I have completed plans for IMConnected and have started showing it off to potential partners or investors (including people at Microsoft).
Have you ever stepped back and considered the sheer number of people you have met in your lifetime: your friends, co-workers, acquaintances, classmates, teachers, etc.? Have you ever thought it was curious the way you have met many of these people? For example, I have a friend Jennie, whom I met through my life-long friend, John. Jennie and I became friends and through Jennie, I met another great friend, Jasmine, who lives in Washington DC. I then introduced Jasmine to all of my friends in Washington DC, spawning new relationships well beyond my immediate control and knowledge. Eventually, Jasmine would meet people I had already known and met through other unique relationships. These new relationships have spawned many new relationships and our “web of friends” grows ever more interesting and complicated by the day. While some people are more conscious of this interesting phenomenon then others, this is something everybody thinks about and is potentially intrigued by. I am about to make this curiosity explicit, via the power of the Internet.
We all know that we live in a small world; there is much truth to that adage. There is even a statistical theory called the “six degrees of separation” describing the phenomenon of a shrinking world where any random two people can discover a link through a chain of six acquaintances. We plan to physically store these relationships in a giant database and output the information for the public in a giant web. We then can map out each individual’s web of friends and see how connected we all are and how small a world this really is.
The way the site will work is as follows. Someone, e.g. Mark, logs on to the site and enters the names and email addresses of his friends and then provides a short explanation of how he met each person and what the nature of their relationship is. Each person Mark includes in his “web” (and there will be a lot) will receive an email from Mark that says he knows them and has written a comment about them on this website. The person receiving this email from Mark will almost surely click through to see what Mark has written about them; the urge will be irresistible. When the new user inevitably becomes a member to see these comments, he or she in turn enters in the names of their friends. Some will probably overlap Mark’s friends, and many will not. As increasingly more people join, we start to develop webs around each individual that we can actually map (imagine a web like structure with your name in the middle, mapping out a degree or two of your relationships – immense but intriguing). Each member of the community (and there will be millions in a short period of time) will have their own page mapping out all their relationships, and listing all the comments from other members who know them and have written about them. We will create a dynamic and interwoven community, allowing members to search for and find other interesting people with whom they may interact.

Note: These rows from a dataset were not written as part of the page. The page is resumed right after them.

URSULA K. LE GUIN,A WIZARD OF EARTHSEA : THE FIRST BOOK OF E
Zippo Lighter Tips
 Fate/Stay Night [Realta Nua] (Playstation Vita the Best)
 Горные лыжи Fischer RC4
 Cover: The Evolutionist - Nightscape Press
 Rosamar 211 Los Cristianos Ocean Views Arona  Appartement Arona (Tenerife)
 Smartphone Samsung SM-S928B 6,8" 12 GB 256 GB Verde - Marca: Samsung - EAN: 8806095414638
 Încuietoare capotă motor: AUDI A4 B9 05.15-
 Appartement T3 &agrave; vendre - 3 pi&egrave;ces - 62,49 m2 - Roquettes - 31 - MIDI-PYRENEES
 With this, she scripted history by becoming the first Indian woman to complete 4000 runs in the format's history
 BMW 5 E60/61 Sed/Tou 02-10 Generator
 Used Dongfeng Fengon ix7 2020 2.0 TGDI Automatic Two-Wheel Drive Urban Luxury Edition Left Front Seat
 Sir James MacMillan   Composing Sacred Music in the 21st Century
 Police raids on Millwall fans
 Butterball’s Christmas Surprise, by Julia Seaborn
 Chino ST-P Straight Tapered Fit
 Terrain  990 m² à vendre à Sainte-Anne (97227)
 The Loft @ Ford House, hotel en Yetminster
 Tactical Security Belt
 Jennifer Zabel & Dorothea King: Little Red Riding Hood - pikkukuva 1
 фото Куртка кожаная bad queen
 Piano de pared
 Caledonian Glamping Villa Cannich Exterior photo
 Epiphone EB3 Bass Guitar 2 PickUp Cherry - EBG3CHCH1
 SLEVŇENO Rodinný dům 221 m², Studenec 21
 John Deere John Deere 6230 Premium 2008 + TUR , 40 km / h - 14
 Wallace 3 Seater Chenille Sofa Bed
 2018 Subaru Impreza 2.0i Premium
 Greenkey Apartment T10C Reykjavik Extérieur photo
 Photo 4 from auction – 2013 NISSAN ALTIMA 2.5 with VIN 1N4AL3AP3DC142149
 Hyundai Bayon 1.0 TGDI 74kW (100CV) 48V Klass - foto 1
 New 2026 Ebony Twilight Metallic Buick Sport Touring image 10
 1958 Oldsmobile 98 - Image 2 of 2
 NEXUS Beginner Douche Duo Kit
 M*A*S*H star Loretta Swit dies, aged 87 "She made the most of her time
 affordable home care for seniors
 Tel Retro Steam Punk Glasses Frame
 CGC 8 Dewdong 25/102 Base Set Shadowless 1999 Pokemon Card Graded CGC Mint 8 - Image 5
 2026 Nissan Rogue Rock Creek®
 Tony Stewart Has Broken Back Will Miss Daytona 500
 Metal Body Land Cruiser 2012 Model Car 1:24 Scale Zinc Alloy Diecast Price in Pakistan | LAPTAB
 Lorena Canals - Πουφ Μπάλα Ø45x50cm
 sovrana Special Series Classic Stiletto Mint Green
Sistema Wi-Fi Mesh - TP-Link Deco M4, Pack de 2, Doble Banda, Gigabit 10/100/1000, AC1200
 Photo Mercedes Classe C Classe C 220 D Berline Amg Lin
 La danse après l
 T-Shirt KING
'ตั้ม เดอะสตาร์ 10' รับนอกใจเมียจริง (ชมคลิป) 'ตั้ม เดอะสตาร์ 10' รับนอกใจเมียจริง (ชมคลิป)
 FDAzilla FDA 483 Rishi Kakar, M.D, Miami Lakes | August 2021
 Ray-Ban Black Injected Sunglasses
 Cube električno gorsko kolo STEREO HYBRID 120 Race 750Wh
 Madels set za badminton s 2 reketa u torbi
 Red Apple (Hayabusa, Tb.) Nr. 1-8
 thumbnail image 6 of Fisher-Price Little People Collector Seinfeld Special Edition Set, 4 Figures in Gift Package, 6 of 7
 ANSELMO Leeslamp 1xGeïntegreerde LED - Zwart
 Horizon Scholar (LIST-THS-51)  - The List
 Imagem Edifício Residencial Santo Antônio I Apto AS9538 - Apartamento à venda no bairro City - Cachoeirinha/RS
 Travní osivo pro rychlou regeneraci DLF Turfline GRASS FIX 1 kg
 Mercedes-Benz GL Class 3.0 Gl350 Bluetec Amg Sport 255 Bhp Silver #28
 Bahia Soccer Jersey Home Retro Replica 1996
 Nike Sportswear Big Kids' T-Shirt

The community possibilities are endless and exciting. Imagine being able to search for someone from Wisconsin who is “two degrees” separated from you (i.e. you have a common friend, but did not know it yet). Not only do you have something instantly in common with each person you engage to communicate with on the site, but you also would expect to have many people engage you, just because you are who you are and know who you know. This excitement will be easy to carry over into the site, and will create unprecedented momentum and growth of the community.
Update 2004: I was never able to generate an investment to develop IMConnected and at the time I didn’t have the funds to bankroll it myself. Everyone I approaced properly asked “how will it make money?” At the time, the internet advertising market was seemingly close to dead. I always responded that I didn’t really know how it would make money; I just knew it had the potential to be insanely popular and we could figure out how to make money after.
Up until that point, the internet was much about finding people across the world that you really didn’t know. No one was really exploiting the unique real world relationships and networks we all have developed across the course of our lives. Two years later, Friendster and then MySpace launched utilizing the same pioneering idea, today known as “Social Networking.”